Второй голос обиженно замолкает.
Одинокий солнечный луч скользит по комнате. На столе восемь стеклянных колпаков. И в пяти из них фиолетовые бабочки. Они пытаются вырваться на волю, но у них это не выйдет.
Прозрачные голубые глаза смотрят поверх стекла и видят худощавую темноволосую девушку, склонившуюся над столом. Она сосредоточенно смотрит на фотографии и не замечает, что за ней следят.
– Мы дадим ей больше времени. Столько, сколько будет нужно…
Глава четвертая
Вернувшись домой, я в кои-то веки смогла спокойно улечься на диван, укрывшись пушистым пледом, и спокойно позвонить девушкам в магазин. Все шло по-старому, товар заказали, распределили, продажи есть, справляются. Была пара мелких вопросов с поставщиками, но сотрудницы заверили, что достаточно моих указаний, приезжать не нужно. А вот если бы я заскочила в воскресенье вечером, было бы здорово. Я слушала отчет за последние два дня, а про себя грустила, что дело моей жизни спокойно обходится без меня.

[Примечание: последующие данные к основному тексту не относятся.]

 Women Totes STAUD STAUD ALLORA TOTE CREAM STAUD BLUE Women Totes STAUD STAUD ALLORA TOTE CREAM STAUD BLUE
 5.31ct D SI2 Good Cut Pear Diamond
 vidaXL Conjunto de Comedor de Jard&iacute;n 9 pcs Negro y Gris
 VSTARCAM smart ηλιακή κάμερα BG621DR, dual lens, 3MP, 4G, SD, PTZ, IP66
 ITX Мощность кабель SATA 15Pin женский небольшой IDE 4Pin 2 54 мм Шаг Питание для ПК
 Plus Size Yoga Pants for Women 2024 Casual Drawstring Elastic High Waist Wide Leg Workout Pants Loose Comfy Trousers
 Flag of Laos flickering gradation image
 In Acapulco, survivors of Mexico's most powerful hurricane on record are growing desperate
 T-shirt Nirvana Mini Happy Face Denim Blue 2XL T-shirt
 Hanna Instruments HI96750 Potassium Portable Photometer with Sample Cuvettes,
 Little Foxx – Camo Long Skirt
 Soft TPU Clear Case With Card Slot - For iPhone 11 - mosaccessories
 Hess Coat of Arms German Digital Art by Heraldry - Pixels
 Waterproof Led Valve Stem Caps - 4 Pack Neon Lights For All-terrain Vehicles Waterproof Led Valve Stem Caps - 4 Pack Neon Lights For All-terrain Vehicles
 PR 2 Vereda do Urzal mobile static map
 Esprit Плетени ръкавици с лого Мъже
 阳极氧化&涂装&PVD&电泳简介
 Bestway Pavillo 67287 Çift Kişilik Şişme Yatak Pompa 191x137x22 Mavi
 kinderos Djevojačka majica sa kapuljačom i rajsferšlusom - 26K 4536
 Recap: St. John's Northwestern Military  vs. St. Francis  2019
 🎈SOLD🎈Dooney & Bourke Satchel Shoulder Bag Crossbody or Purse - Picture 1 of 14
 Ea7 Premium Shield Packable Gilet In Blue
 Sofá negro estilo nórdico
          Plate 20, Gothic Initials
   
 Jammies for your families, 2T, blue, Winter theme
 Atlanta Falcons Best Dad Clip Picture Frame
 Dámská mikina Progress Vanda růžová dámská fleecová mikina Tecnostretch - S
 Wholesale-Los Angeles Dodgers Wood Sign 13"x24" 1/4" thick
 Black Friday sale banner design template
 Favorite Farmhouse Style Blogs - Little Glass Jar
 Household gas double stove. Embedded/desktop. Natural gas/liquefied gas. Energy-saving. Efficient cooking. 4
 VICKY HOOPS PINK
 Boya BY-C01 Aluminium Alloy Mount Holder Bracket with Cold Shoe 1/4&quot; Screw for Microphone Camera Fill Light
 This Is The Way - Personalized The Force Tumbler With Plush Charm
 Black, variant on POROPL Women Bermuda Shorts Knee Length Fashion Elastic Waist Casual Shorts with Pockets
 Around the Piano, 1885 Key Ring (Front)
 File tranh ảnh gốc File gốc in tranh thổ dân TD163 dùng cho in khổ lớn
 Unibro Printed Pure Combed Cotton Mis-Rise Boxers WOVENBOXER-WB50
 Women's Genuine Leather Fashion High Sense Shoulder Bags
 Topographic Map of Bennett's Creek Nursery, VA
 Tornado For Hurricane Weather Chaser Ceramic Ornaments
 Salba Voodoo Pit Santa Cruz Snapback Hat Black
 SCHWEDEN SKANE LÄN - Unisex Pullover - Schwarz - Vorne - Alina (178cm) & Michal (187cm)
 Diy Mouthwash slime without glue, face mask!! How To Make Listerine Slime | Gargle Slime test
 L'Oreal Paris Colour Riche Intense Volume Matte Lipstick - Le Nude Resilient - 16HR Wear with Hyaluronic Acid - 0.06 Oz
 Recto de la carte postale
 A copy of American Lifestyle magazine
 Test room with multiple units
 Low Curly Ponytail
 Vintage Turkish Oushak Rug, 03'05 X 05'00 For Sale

Да и сама я хороша: как только поманили хорошей должностью и обеспеченным будущим, сразу радостно ухватилась, совершенно позабыв про свою налаженную замечательную жизнь, а ведь до этого гордо заявляла самой себе, что проживу и без способностей, не больно-то они мне и нужны… И ведь жила, справлялась! Даже привыкла быть обычным человеком. Понадобилось всего три года, чтобы привычка стала второй натурой…
По потолку мелькали тени. На кухне капала вода: кран, что ли, вздумал подтекать? А я лежала и не могла заставить себя встать. Впервые за долгое время на меня яростно навалилось одиночество. Последние дни я пусть и вынужденно, но практически не оставалась наедине с собой и со своими мыслями. И теперь, когда наконец-то сумела выкроить для себя время в бесконечном потоке дел, мне стало нечем заполнить эту тишину.
Я встала и подошла к шкафу, по пути сто раз сказав себе, что этого не стоит делать, но все равно подставила тумбочку и полезла на антресоли. В свое время я специально завалила всё разным мелким и не очень хламом, чтобы было невозможно легко и просто достать то, что надо хорошенько спрятать, в первую очередь от себя самой. Но сейчас я просто скинула все завалы на пол и достала пару альбомов и старый, потемневший от времени деревянный футляр. Руки безошибочно нащупали потайной замок. Когда-то здесь хранились бабушкины драгоценности, теперь же жили лишь фотографии. Я доставала одну за другой и злилась на себя, что не надела перчатки.
Вот первое фото – на нем моя прапрабабушка в строгом черном платье с небольшой брошью у горловины. Прямые складки тяжелого материала, волнистые волосы, собранные в простую прическу, и открытое строгое лицо. Я знала, что этот снимок сделан вскоре после того, как погиб ее старший сын. На охоте лошадь понесла… После этого все ее фотографии будто бы состояли только из прямых линий. О ней я знаю, что она умерла вскоре после прадедушкиной свадьбы и до конца дней не снимала траура по любимому сыну.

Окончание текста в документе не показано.